__Records to process__:
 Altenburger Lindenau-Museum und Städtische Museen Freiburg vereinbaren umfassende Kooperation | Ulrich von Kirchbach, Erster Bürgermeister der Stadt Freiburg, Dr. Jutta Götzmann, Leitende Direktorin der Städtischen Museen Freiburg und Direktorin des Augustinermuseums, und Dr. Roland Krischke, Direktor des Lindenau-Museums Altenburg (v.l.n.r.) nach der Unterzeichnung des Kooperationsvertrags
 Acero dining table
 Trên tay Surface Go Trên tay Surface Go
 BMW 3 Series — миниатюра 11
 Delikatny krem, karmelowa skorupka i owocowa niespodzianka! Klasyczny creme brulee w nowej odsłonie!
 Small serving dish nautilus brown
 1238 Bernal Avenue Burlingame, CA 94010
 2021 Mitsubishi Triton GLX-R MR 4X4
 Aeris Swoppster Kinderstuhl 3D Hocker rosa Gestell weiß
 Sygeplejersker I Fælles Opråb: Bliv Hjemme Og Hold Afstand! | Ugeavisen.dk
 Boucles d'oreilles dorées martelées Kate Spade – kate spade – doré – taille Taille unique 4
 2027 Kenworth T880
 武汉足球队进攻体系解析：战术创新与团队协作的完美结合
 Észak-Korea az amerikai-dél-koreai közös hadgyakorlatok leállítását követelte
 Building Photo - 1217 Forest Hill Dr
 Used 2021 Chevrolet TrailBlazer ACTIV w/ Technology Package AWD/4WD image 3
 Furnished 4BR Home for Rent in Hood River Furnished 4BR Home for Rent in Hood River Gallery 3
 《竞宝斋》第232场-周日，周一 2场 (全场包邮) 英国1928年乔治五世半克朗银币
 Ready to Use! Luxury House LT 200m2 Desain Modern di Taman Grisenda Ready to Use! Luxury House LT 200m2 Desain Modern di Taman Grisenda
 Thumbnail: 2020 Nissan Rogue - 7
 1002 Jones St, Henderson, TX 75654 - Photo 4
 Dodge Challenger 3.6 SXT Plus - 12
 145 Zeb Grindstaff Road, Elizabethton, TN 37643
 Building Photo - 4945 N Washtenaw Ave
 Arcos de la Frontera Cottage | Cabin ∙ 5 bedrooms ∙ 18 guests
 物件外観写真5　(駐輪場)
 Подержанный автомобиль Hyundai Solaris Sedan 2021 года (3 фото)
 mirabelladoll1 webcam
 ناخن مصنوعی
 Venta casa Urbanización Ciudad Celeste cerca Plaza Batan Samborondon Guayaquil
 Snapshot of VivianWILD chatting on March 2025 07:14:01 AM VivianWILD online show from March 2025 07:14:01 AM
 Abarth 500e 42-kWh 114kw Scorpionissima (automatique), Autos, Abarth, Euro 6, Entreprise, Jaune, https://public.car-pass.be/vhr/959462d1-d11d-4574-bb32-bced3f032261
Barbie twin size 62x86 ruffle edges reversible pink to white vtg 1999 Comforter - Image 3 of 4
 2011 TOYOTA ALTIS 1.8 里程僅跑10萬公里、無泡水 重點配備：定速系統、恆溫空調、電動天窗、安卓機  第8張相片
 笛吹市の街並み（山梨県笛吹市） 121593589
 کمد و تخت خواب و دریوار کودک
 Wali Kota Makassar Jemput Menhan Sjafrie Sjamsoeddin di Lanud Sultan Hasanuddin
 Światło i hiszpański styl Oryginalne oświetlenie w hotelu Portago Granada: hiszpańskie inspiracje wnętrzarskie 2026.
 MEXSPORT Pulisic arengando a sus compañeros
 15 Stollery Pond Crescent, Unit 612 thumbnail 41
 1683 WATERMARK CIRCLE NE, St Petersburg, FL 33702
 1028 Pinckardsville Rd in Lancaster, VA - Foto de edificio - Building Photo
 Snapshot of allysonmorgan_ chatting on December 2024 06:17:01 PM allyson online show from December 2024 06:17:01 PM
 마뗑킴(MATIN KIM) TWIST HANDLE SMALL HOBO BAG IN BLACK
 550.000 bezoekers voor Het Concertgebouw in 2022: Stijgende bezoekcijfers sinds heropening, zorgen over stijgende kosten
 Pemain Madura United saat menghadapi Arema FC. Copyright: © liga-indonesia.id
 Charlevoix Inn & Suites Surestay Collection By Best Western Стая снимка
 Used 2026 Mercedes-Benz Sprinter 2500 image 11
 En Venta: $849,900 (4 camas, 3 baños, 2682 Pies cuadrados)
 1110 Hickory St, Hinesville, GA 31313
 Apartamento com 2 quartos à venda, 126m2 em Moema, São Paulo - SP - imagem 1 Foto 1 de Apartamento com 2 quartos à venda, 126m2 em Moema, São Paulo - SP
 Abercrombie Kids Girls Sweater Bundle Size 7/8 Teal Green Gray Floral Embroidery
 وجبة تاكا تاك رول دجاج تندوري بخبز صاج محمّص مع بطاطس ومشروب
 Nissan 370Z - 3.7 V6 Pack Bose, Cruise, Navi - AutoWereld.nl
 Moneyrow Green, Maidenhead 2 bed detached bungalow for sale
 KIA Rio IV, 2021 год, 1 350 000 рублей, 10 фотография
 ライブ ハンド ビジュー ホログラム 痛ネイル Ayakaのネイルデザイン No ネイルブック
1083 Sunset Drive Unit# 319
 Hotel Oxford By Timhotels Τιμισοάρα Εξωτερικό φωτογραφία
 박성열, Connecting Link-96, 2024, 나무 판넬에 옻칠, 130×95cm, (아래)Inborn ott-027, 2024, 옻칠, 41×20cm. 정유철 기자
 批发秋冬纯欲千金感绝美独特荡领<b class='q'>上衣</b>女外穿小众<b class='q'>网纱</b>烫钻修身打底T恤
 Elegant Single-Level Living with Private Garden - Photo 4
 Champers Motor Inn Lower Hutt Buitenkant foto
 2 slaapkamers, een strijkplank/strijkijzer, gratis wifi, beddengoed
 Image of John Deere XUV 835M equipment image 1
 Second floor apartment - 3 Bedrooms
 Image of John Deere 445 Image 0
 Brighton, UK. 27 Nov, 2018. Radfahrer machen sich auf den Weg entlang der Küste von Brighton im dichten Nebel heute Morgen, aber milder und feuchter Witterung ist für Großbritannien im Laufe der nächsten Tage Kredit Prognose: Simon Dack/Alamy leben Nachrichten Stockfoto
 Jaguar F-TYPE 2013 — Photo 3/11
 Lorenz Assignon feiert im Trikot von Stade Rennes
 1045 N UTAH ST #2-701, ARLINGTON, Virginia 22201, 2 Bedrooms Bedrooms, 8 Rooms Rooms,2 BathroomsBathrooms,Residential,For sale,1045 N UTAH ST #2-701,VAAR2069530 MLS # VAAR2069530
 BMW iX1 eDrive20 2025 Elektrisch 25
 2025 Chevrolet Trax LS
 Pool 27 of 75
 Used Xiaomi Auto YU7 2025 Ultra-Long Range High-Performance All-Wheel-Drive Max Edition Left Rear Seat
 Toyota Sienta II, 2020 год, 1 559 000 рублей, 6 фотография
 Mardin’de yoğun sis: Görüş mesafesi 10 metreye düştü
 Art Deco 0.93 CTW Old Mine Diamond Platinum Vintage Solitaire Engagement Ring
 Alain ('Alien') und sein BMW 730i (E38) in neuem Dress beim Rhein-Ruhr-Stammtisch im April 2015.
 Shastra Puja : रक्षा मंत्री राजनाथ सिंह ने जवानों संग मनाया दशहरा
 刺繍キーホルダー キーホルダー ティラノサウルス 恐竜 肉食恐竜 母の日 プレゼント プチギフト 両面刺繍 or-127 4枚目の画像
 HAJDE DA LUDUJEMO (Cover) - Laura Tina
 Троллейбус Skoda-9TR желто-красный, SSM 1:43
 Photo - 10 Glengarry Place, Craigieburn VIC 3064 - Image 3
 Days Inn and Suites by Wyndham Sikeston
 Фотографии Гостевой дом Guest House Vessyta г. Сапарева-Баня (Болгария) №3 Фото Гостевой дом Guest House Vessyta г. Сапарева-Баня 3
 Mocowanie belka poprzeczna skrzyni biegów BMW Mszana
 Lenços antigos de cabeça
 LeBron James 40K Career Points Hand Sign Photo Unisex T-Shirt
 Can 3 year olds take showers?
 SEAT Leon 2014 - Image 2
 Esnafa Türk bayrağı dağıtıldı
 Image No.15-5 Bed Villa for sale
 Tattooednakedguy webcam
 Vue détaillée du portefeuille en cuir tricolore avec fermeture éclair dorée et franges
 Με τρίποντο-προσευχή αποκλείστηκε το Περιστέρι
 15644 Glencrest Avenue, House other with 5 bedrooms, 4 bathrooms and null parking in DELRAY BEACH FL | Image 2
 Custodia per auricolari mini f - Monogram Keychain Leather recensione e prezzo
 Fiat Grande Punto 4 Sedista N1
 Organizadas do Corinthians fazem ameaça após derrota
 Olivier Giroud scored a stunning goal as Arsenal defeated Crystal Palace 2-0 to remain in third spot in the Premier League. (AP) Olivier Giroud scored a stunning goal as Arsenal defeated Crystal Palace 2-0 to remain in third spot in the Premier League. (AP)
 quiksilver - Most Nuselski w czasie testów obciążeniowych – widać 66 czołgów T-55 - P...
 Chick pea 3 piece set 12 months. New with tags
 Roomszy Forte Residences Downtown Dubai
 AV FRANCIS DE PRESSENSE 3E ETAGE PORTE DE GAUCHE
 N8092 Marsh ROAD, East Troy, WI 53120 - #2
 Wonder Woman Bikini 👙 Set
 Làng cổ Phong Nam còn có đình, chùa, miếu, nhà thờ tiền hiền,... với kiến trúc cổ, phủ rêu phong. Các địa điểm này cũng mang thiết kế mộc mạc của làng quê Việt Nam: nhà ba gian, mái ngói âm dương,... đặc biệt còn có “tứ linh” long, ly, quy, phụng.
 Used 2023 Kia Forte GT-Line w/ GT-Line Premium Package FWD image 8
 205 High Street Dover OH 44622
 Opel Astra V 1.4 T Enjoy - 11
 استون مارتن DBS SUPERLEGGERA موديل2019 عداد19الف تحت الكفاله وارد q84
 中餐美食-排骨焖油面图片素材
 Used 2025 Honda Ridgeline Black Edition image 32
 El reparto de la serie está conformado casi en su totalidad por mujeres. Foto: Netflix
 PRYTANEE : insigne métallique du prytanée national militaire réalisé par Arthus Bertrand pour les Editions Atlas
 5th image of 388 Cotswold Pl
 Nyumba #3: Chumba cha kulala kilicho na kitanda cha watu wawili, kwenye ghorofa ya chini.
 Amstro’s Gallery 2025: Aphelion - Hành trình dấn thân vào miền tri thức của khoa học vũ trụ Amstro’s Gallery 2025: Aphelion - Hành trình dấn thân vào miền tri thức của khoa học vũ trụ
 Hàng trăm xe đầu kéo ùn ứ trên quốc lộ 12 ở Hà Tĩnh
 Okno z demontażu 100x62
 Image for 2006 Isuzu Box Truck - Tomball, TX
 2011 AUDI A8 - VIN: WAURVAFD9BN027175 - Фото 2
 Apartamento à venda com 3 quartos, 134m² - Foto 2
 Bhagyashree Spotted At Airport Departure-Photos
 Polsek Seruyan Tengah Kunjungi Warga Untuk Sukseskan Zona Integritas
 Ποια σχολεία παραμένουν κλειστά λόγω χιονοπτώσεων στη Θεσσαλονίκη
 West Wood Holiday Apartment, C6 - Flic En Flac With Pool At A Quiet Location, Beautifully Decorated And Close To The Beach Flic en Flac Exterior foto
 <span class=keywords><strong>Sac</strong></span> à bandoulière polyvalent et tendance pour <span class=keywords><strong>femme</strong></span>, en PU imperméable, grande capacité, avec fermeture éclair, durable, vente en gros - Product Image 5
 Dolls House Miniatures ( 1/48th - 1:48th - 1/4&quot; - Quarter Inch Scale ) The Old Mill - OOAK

__Task details__: In the material above, find the line containing "Image No.15-5 Bed Villa for sale" and the line containing "中餐美食-排骨焖油面图片素材", then write out exactly those two lines and every line between them, and nothing more.

__Task solution__:
 Image No.15-5 Bed Villa for sale
 Tattooednakedguy webcam
 Vue détaillée du portefeuille en cuir tricolore avec fermeture éclair dorée et franges
 Με τρίποντο-προσευχή αποκλείστηκε το Περιστέρι
 15644 Glencrest Avenue, House other with 5 bedrooms, 4 bathrooms and null parking in DELRAY BEACH FL | Image 2
 Custodia per auricolari mini f - Monogram Keychain Leather recensione e prezzo
 Fiat Grande Punto 4 Sedista N1
 Organizadas do Corinthians fazem ameaça após derrota
 Olivier Giroud scored a stunning goal as Arsenal defeated Crystal Palace 2-0 to remain in third spot in the Premier League. (AP) Olivier Giroud scored a stunning goal as Arsenal defeated Crystal Palace 2-0 to remain in third spot in the Premier League. (AP)
 quiksilver - Most Nuselski w czasie testów obciążeniowych – widać 66 czołgów T-55 - P...
 Chick pea 3 piece set 12 months. New with tags
 Roomszy Forte Residences Downtown Dubai
 AV FRANCIS DE PRESSENSE 3E ETAGE PORTE DE GAUCHE
 N8092 Marsh ROAD, East Troy, WI 53120 - #2
 Wonder Woman Bikini 👙 Set
 Làng cổ Phong Nam còn có đình, chùa, miếu, nhà thờ tiền hiền,... với kiến trúc cổ, phủ rêu phong. Các địa điểm này cũng mang thiết kế mộc mạc của làng quê Việt Nam: nhà ba gian, mái ngói âm dương,... đặc biệt còn có “tứ linh” long, ly, quy, phụng.
 Used 2023 Kia Forte GT-Line w/ GT-Line Premium Package FWD image 8
 205 High Street Dover OH 44622
 Opel Astra V 1.4 T Enjoy - 11
 استون مارتن DBS SUPERLEGGERA موديل2019 عداد19الف تحت الكفاله وارد q84
 中餐美食-排骨焖油面图片素材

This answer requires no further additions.